Yesterday, a trove of secret documents was released regarding the NSA and its ongoing spying on citizens both abroad and here in the US. One of the programs mentioned, called DROPOUTJEEP, is particularly scary as it can give the Agency complete control of any iPhone.
These are some pretty serious allegations made against the NSA and maybe more-so Apple, who either has several unknown security holes in its mobile OS or is consciously giving the NSA access. Well the company just responded to these claims, and it appears to be the former…
AllThingsD has Apple’s full statement:
“Apple has never worked with the NSA to create a backdoor in any of our products, including iPhone. Additionally, we have been unaware of this alleged NSA program targeting our products. We care deeply about our customers’ privacy and security. Our team is continuously working to make our products even more secure, and we make it easy for customers to keep their software up to date with the latest advancements. Whenever we hear about attempts to undermine Apple’s industry-leading security, we thoroughly investigate and take appropriate steps to protect our customers. We will continue to use our resources to stay ahead of malicious hackers and defend our customers from security attacks, regardless of who’s behind them.”

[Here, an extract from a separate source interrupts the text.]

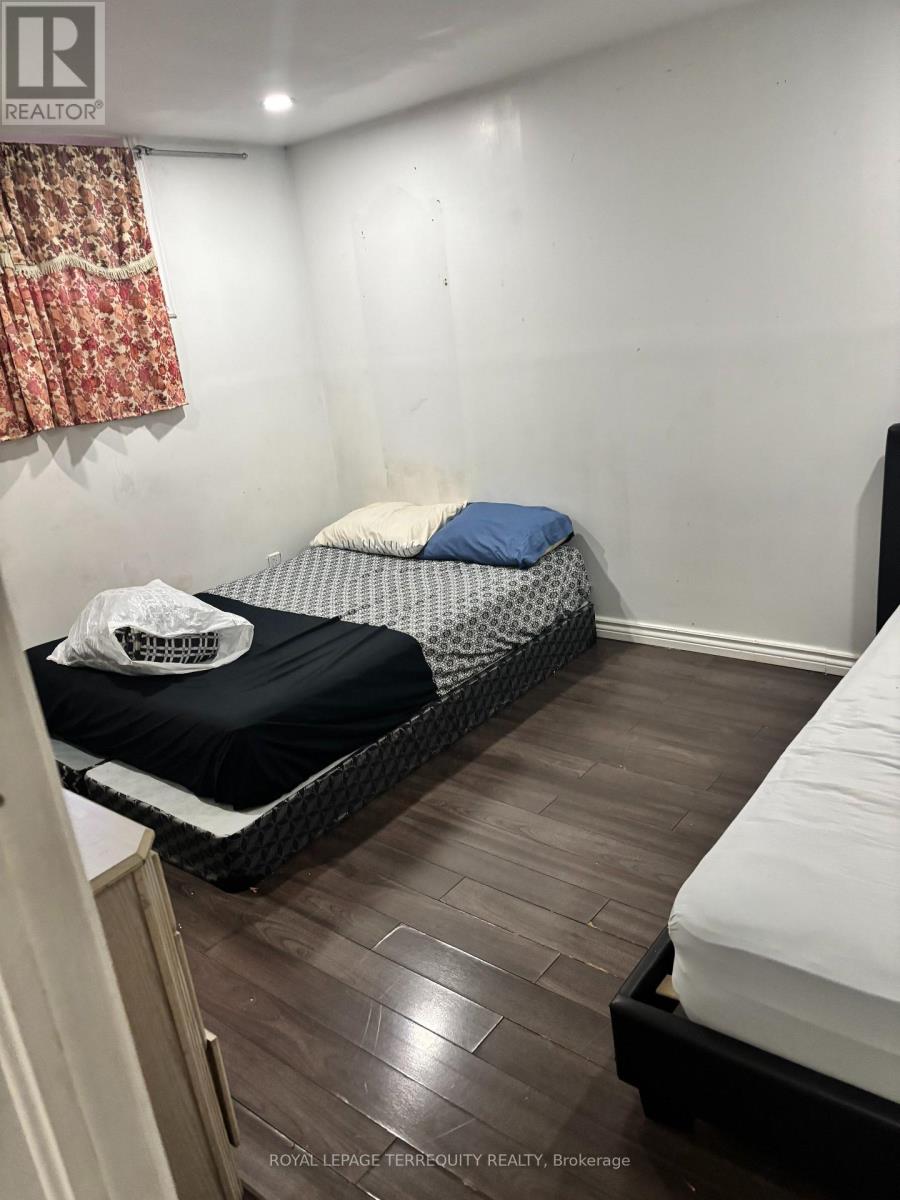 B - 74 Ellesmere Road, Toronto, Ontario  M1R 4C2 - Photo 2 - E12515038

For those that missed it, Apple is responding to claims that it might be leaving exploits in iOS for the NSA to install backdoors into its iPhones. The Agency has apparently been rerouting shipments of online orders for the handset, installing spyware, and shipping them off to users.
This is the second time Apple has publicly responded to allegations that it is involved in some type of spying program with the National Security Agency. Back in June, the company was mentioned along with 8 other tech giants as members of the PRSIM program, which it also denied.
While the consensus seems to be that ‘this shouldn’t matter if you’re not doing anything illegal,’ there are a lot of users who feel this is a violation of their privacy and even against the law. Apple, for its part, has been pushing for more transparency on court-ordered user info requests.